中上阶层女士几乎无一例外地身着灰色法兰绒裙、斯图亚特格子花呢裙,或卡其色裙、藏青色卡迪根式开襟毛线衣(有时是缆绳花样的针织衫)、彼得·潘式衣领的白衬衫、平跟鞋,最好再用无边平顶帽罩住头发。气温低时,就披上蓝色上衣,有公事在身则改穿灰色法兰绒外套。但无论什么衣服,最理想的颜色是真正的藏青色。多层混穿屡见不鲜,低调则是共同的倾向。必不可少的饰物是一种装饰着手工刺绣花边的眼镜盒。(这可是一个重要的等级标志:手工刺绣表明女主人每天拥有数小时闲暇来从事这种手艺——对贫民阶层来说这是不敢想象的。)如果一位妇女为家人和朋友做许多刺绣活,她很可能属于中上阶层。但如果她在织完一件毛衣后还缝上一个小标牌,写着“格特鲁德·威莉丝手制”,那她一定是位中产阶级妇女;如果标牌上写的是“格特鲁德·威莉丝编织艺术”,那她无疑是位上层贫民妇女。

【颜色】 藏青是中上阶层的颜色,紫色属于贫民阶层。紫色一直遭到芭芭拉·布雷斯(Barbara Blaes)的诟病。这位劳工商务部、中央情报局和食品与药物管理局的服装顾问日薪400美元,专事改变政府部门女性工作人员的贫民服装风格。她希望女人身着藏青色或灰色、由裁缝制作的外套,尽可能让自己看上去像女性化的男人。毋庸置疑,绝不允许出现连裤套装,尤其不能是紫色的,更不用说紫色涤纶的了,这是经典的贫民阶层服装,绝对的最低等级标志。此外,贫民阶层苗条女性深深喜爱一类打扮,其程度不亚于肥胖女性对连裤套装的热衷,即名牌牛仔裤配极高的高跟鞋。此类搭配常见于刚搬到郊区住的上层贫民女孩,她们尚未掌握中上阶层准预科生式的着装准则。

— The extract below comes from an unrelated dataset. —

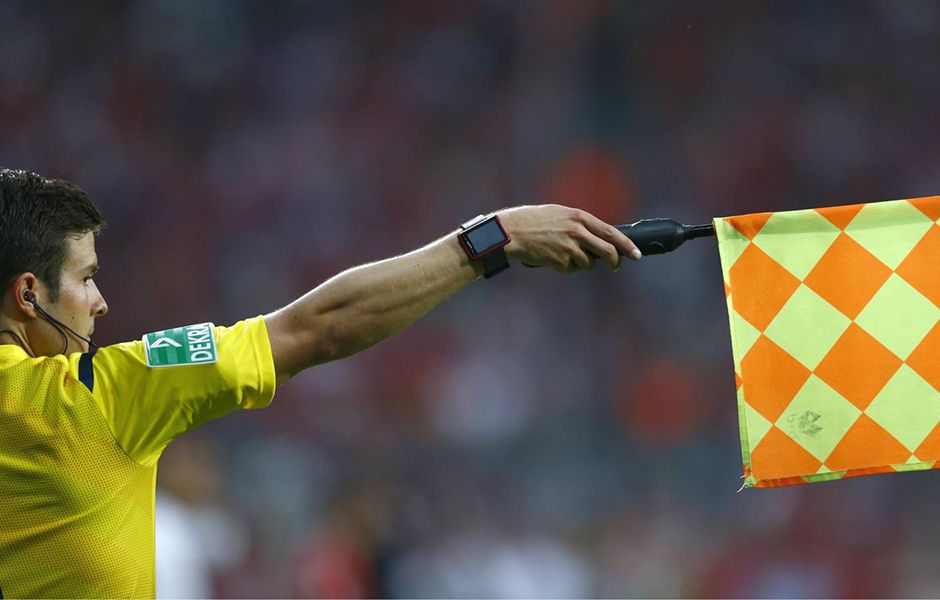 how to understand offside football 6577889 - چگونه در فوتبال قانون آفساید را درک کنیم؟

【质地】 紫色涤纶连裤套装有悖于两条决定服饰等级的基本准则:颜色准则和有机面料准则。除藏青色外,颜色越柔和、黯淡越有档次。至于面料,生物成分越高越有档次,也就是说,羊毛、丝绸、棉和各类动物皮毛才高档,仅此无它。所有的合成纤维均属于贫民阶层,既因为它们比自然纤维廉价,也因为它们千篇一律得令人厌倦。(难道你能在一件丙烯酸纤维毛衣里找到草或羊粪的痕迹?)凡勃伦早在1899年就慧眼辨识出这一点,他是这样从总体上来谈论大批量制造的产品的:“粗俗和教养不良之辈都崇拜和偏爱机器制造的日用品,因为机器制造的东西实在太十全十美了。这些人从不关注(哪怕稍加关注)高贵的消费品。”(有机原则也判定,厨房里木材要比塑料贴面有档次;餐桌上的台布,棉的要比塑料或油布等级高。)对真正的中上阶层而言,完全摒弃人造纤维尤为重要。这些上层人士的鉴别力是如此精到,以至于像《权威预科生手册》中提到的,“一件牛津布衬衫中的一丁点涤纶成分”也能察觉出来,因为那是可悲的中产阶级标志。这本书同时还热情地颂扬了年轻的卡罗琳·肯尼迪——“严格地讲,她在衣饰、举止方面比她母亲更有预科生风范。”——因为“在哈佛广场 的四年当中,任何非自然类纤维都未能贴近过她的身体。”我还想提一件看起来相当美国化、相当具有20世纪晚期特色——也即贫民化特色的事情,那就是,我们今天购买的浴巾已经掺进了12%的涤纶。浴巾的功能无非是吸收水分,但因为其中惟一的吸水纤维——棉——被减少了,这一功能已大打折扣。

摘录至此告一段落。